The eval framework lives in Omni.Fund.Quant.Eval. It’s pure Haskell — no Python anywhere. Uses the same data libraries (Data.Market, Data.Edgar, Data.Fred) as the production signal pipeline, so evals run on the exact same code path.

The eval is a first-class part of the system, not a side script.

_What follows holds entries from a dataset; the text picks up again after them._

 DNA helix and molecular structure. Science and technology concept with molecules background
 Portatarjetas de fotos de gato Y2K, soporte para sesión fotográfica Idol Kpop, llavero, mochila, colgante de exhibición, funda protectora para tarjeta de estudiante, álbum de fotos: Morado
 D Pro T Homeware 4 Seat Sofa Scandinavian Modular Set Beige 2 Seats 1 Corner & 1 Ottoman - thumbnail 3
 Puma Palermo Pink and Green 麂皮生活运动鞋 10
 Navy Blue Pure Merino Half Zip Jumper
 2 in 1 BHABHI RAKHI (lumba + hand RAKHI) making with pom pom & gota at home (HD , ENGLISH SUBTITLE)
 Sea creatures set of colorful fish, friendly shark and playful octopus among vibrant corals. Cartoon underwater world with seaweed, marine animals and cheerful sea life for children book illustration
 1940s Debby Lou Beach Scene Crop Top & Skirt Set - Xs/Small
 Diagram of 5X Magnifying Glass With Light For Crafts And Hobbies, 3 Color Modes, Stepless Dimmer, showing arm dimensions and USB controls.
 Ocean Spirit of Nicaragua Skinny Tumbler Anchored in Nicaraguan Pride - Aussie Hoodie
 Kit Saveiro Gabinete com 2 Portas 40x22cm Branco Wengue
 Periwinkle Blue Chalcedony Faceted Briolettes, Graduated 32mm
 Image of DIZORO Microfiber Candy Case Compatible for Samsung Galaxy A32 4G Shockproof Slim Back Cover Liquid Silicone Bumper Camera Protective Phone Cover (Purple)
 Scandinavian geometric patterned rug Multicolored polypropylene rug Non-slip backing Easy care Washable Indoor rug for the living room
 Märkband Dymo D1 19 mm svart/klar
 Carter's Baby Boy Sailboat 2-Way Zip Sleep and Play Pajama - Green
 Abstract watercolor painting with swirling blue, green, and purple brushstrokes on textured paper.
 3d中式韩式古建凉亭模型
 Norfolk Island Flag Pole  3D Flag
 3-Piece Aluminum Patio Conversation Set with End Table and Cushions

Every signal must pass eval before it influences portfolio weights.

2. Core Eval Types

module Omni.Fund.Quant.Eval where

import Numeric.LinearAlgebra (Vector, Matrix)

-- | Result of evaluating a single signal type over a historical period.
data SignalEval = SignalEval
  { seName        :: Text           -- signal type name
  , sePeriod      :: (Day, Day)     -- eval period
  , seIC          :: Double         -- mean Information Coefficient
  , seICStd       :: Double         -- IC standard deviation
  , seICIR        :: Double         -- IC / std(IC) — information ratio
  , seHitRate     :: Double         -- % of periods where IC > 0
  , seTStat       :: Double         -- t-statistic: IC / (std / sqrt(n))
  , seNPeriods    :: Int            -- number of rebalance periods evaluated
  , seDecayCurve  :: [(Int, Double)] -- (horizon_days, IC_at_horizon)
  }

-- | Result of portfolio-level backtest.
data PortfolioEval = PortfolioEval
  { peStrategy        :: Text
  , pePeriod          :: (Day, Day)
  , peTotalReturn     :: Double
  , peAnnualizedReturn :: Double
  , peSharpeRatio     :: Double
  , peMaxDrawdown     :: Double
  , peAnnualTurnover  :: Double
  , peWinRate         :: Double      -- % of periods with positive return
  , peCalmarRatio     :: Double      -- annualized return / max drawdown
  }

-- | Walk-forward configuration.
data EvalConfig = EvalConfig
  { ecUniverse      :: [Asset]
  , ecTrainStart    :: Day          -- e.g., 2020-01-01
  , ecTrainEnd      :: Day          -- e.g., 2023-12-31
  , ecTestStart     :: Day          -- e.g., 2024-01-01
  , ecTestEnd       :: Day          -- e.g., 2025-12-31
  , ecRebalanceFreq :: Int          -- days between rebalances (5 = weekly)
  , ecHorizons      :: [Int]        -- forward return horizons to test
  , ecMinIC         :: Double       -- minimum IC to pass (0.02)
  , ecMinHitRate    :: Double       -- minimum hit rate to pass (0.50)
  , ecMinTStat      :: Double       -- minimum t-stat to pass (2.0)
  }

defaultEvalConfig :: EvalConfig
defaultEvalConfig = EvalConfig
  { ecUniverse = sectorETFs ++ crossAssets
  , ecTrainStart = fromGregorian 2020 1 1
  , ecTrainEnd = fromGregorian 2023 12 31
  , ecTestStart = fromGregorian 2024 1 1
  , ecTestEnd = fromGregorian 2025 12 31
  , ecRebalanceFreq = 5
  , ecHorizons = [1, 5, 10, 20, 40, 60]
  , ecMinIC = 0.02
  , ecMinHitRate = 0.50
  , ecMinTStat = 2.0
  }

3. Layer 1: Extraction Accuracy

Tests that data libraries return correct values and signal functions compute correctly on known inputs.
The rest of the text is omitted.